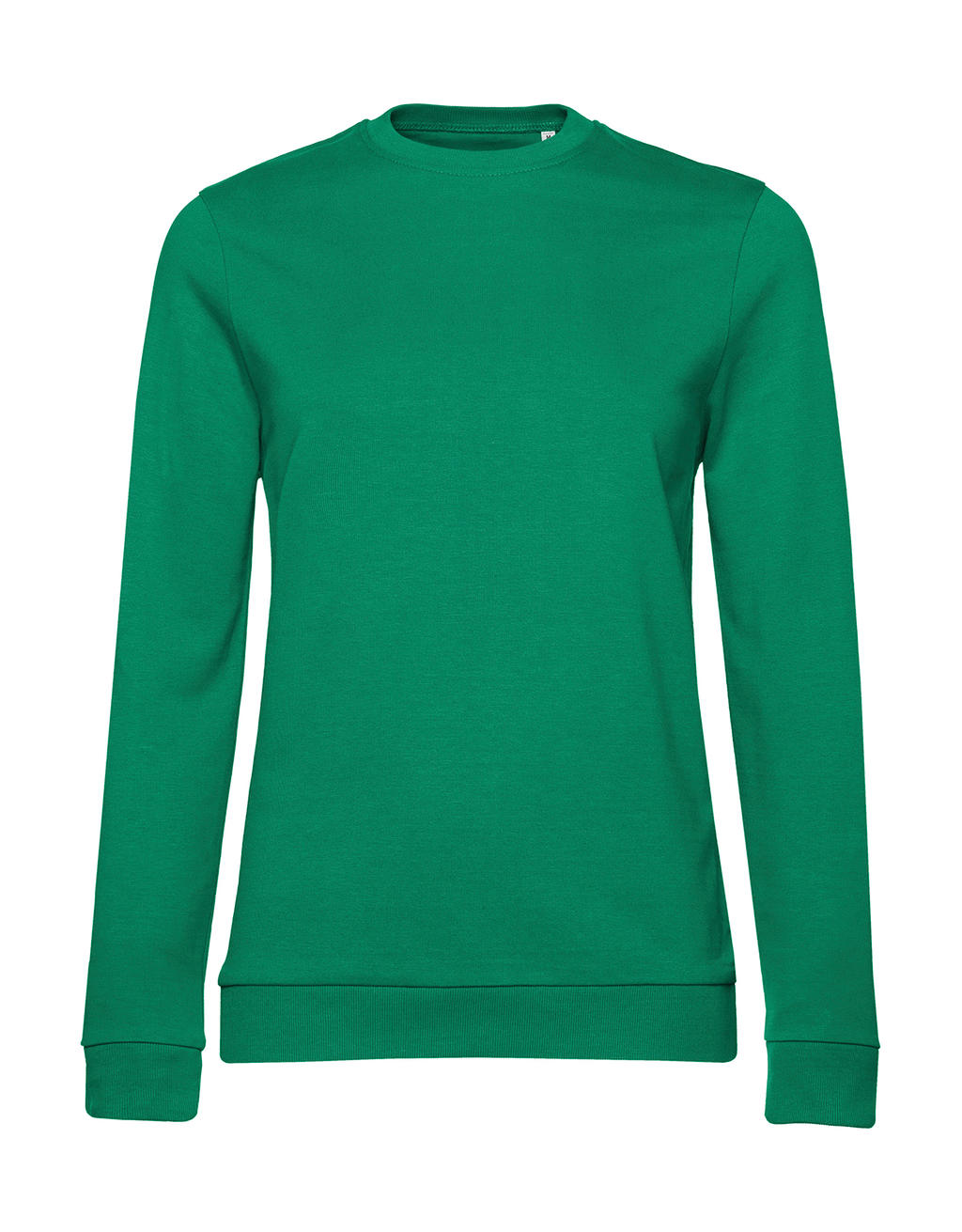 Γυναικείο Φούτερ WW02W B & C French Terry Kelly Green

==

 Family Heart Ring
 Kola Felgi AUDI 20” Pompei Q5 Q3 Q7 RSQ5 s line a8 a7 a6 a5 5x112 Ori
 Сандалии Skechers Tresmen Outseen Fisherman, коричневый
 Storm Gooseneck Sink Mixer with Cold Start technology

Work item:
Of the entries listed above, reproduce only the lines starting at the line containing "Family Heart Ring" and ending at the line containing "Storm Gooseneck Sink". Include both, exactly as they stand.

Response area:
 Family Heart Ring
 Kola Felgi AUDI 20” Pompei Q5 Q3 Q7 RSQ5 s line a8 a7 a6 a5 5x112 Ori
 Сандалии Skechers Tresmen Outseen Fisherman, коричневый
 Storm Gooseneck Sink Mixer with Cold Start technology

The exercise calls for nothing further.